Throughout this period we had close support from the North Vietnamese communists. We were in fact dependent on them for weapons, communications, and especially for our propaganda network. But almost all of us were Southerners (along with a few Northerners who had moved south years earlier)—and many of us were not communists. Ours was not a communist movement and we believed that the North Vietnamese leaders, who had been fighting so resolutely against the French, would place the interests of the people and the nation above the interest of ideology.

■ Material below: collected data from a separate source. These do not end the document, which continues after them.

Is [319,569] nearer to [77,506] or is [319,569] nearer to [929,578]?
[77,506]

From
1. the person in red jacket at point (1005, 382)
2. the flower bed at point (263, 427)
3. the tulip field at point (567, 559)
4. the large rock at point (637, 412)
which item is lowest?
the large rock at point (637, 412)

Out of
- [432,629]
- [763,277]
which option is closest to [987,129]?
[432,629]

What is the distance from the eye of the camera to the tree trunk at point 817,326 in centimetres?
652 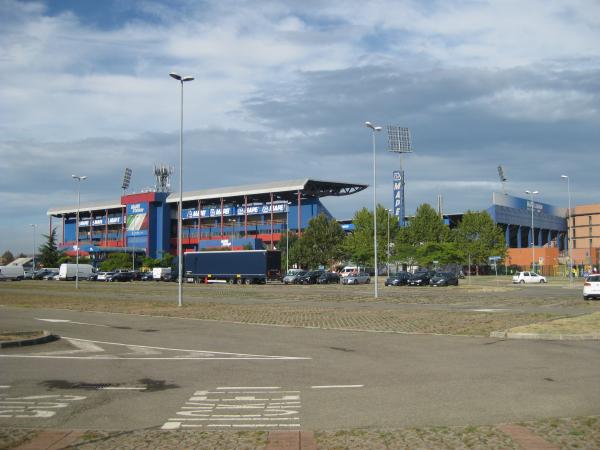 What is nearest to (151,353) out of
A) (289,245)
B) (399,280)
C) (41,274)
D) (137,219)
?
(399,280)

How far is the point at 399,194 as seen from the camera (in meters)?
104

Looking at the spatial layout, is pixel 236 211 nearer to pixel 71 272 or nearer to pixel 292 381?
pixel 71 272

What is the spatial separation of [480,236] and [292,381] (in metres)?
88.2

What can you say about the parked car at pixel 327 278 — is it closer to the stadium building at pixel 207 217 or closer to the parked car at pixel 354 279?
the parked car at pixel 354 279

The North Vietnamese on their part never indicated that they wanted to impose communism on the South. On the contrary, they knew, they said, that the South must have a different program altogether, one that embodied our aspirations not just for independence but also for internal political freedom. I believed, in addition, that the Northern leadership would have the wisdom to draw from the experiences—both good and bad—of other communist countries, and especially of North Vietnam, and that they could avoid the errors made elsewhere. North Vietnam was, as Ho Chi Minh often declared, a special situation in which nationalists and communists had combined their efforts. Clearly South Vietnam was no less special, and the newly constituted NLF Permanent Committee felt a certain amount of confidence in working with our Northern compatriots.

In 1964, I was arrested for the first time. I had been helping other Saigon intellectuals form the Self-Determination Movement of South Vietnam, an organization opposed to the South Vietnamese regime. For this offense, I was imprisoned for two years. In a sense, though, it was only a warning because there was no evidence at that time of my Viet Cong contacts. Unfortunately, in 1967 a Viet Cong agent, who had been arrested and tortured, disclosed my NLF identity to the Thieu-Ky police. I was arrested again and this time my imprisonment was harsher. The police used many of their favorite techniques to torture me. They forced me to drink soapy water and ran 220-volt electric shocks through my body. For a month I was held in a tiny cell less than two meters square. They forced me to confess that I was a communist (although I was not), and to describe my underground activities.

I was still in prison when the 1968 Tet offensive swept the country. At one point the police told us that if the Viet Cong got into Saigon we would all be killed. Shortly afterward the jailer ordered me to “take everything with you and follow me.” The expression was ominous; I was sure I would be shot, along with other Viet Cong prisoners who I knew were being executed in the streets. Two other NLF members and I were thrown into a security truck and then transferred to an American Red Cross van. To my surprise and relief there were two Americans in the van as well, and they brought us to a CIA safe house. Later I discovered that secret negotiations had been going on between the Americans and the NLF for a prisoner exchange and that I was to be traded for two American colonels.

Before I left the CIA safe house I was given a letter for the NLF authorities and pressed to accept a radio as well, which I refused, believing it to contain an electronic bug. A helicopter flew me and two other exchanged prisoners to Trang Bang, a small district about fifty miles northwest of Saigon. We were released at a soccer field where the Viet Cong security chief for Loc Ninh province (a Viet Cong-controlled area) was waiting for us. From this rendezvous we were taken by motorized tricycle deep into the jungle toward the NLF’s Central Office of South Vietnam, the famous COSVN headquarters from which the entire Viet Cong war effort was directed.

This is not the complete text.